Friday, March 29, 2019

XSLT 1.0 transformations for large xml input documents

I thought that, this topic could be of interest to XML community.

I've discovered an interesting aspect of JAXP API (Java API for XML Processing) that seems to have relations to streaming that we talk with XSLT 3.0. Please see following document, and an example given in its section 4.12 (that explains JAXP's StAX API and using it with JAXP's transformation APIs)

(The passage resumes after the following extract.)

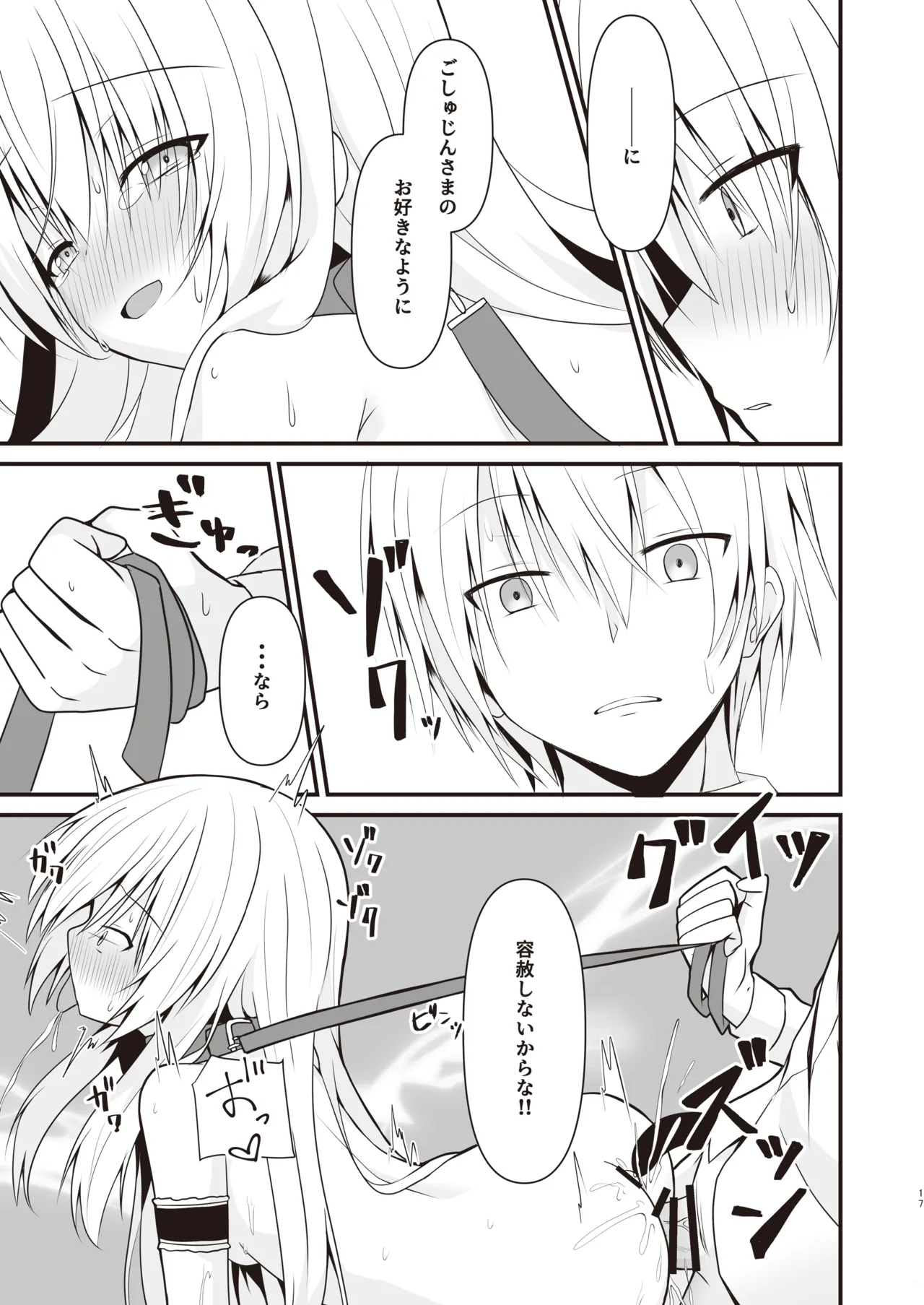 コスプレ彼女(催眠済)はかわいい - page18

Using the cited JAXP code in above document, one can transform very large XML input documents (I've tried an XML input document with size of about 700 MB, that worked) using XSLT 1.0 (the JDK's built in JAXP implementation can do this. I've tried with JDK 1.8 which works fine for this). It can do certain kinds of XSLT 1.0 transformations with very large XML input documents, very well. When doing the same transformations with XSLT 2.0, or with XSLT 3.0 in non streaming way, we would usually get following errors 'java.lang.OutOfMemoryError: Java heap space'.

I've written few complete examples for this topic here, https://github.com/mukulga/largexml_xslt10.

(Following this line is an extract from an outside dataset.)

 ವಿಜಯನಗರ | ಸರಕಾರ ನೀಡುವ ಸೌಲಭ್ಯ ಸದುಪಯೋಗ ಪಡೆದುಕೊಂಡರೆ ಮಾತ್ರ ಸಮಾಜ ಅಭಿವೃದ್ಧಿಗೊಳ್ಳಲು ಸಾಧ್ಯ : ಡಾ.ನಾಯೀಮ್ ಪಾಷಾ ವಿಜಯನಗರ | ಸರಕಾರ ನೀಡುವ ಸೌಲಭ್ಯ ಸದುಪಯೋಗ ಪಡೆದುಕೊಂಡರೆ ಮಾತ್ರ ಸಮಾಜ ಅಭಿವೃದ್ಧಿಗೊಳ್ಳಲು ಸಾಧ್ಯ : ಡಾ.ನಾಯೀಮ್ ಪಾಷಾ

Notes: My intention for writing this blog post is not to endorse in any way that XSLT 1.0 is better than XSLT 2.0/3.0 for every aspect. XSLT 2.0/3.0 have various new language features as compared to XSLT 1.0, that raise the productivity of XSLT developers and allow development of XSLT stylesheets with ease that could be much more complex in terms of functionality, than with XSLT 1.0.